I was going to write an acceptance speech on the back
of my menu, but nobody at my table had a pencil, so
I'll have to wing it. We poets have an advantage over
the poor prose writers, we can give you a taste of our
poetry in a few lines, a few words, if necessary, and
if it doesn't seem to presumptuous, I would like to
recite a very short poem of mine, which is the first
poem... if I can remember it, from This Time: May Selected
Poems, which is a collection of nine or ten books, starting
in the late '60s, 30 years of poetry. Let me first just
start my comments by reciting that poem to you, probably
butchering it. I can't remember what I called the poem.

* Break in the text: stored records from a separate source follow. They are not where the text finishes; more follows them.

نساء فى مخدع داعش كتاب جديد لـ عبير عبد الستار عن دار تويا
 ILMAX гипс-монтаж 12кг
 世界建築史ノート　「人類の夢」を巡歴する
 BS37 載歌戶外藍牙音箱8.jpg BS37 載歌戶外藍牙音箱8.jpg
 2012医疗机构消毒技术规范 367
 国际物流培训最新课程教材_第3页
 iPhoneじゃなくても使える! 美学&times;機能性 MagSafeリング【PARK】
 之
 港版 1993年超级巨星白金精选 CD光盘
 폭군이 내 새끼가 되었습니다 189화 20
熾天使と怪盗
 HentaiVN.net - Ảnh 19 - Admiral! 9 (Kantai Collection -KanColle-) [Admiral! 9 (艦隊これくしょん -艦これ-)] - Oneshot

But it's about the hare and the tortoise, and it goes
something like this, because I published late, in the
beginning. "I didn't take myself seriously as a
poet until the white began to appear in my cheek, all
before it was amusement and affection. Now, like a hare,
like a hare, like a hare, I watch the tortoise lift
one horrible leg over the last remaining style and head
for home, practically roaring with virtue. Everything,
suddenly everything is up there in the mind, all the
beauty of the race gone, and my life merely an allegory."
I want to give thanks and praise to a number of people,
as those before me did. To my dear love, Ann Marie McCarrie,
to my dear editor, who... what was the phrase, something
about rubies? Who was sitting beside me all evening,
putting her left or right thumb up in the air, I forgot
which one, Carol Smith, and to my first editor of the
commercial... from commercial presses, who generously
came over to my table to support me, and who supported
me in my first three books, at Houghton Mifflin and
Random House, where he used to work, Jonathan Galassi,
and I want to pay tribute to the poets who I competed
with this time around, all of them good friends of mine,
and people whose work I deeply, deeply respect, without
question, and not just pro forma to say this, each of
them worthy of this or any other award, Pete Fairchild,
whom I had the joy of discovering for the first time,
and whose magnificent poems, extraordinary poems, I
had the joy of reading over the last few days, and Alicia
Ostriker, whom I have known for dozens of years, and
whose work I celebrate, and who I love, and Linda Pastan,
a master craftsman, a magnificent poet, and Carl Phillips,
whom I've known for a long time, and whose beautiful
language, his soul and spirit I celebrate also.
I apologize for winning over you. I mean that sincerely.
I don't know who else to thank. I feel like my bar mitzvah,
and I should thank my dear grandparents. I thank you
all.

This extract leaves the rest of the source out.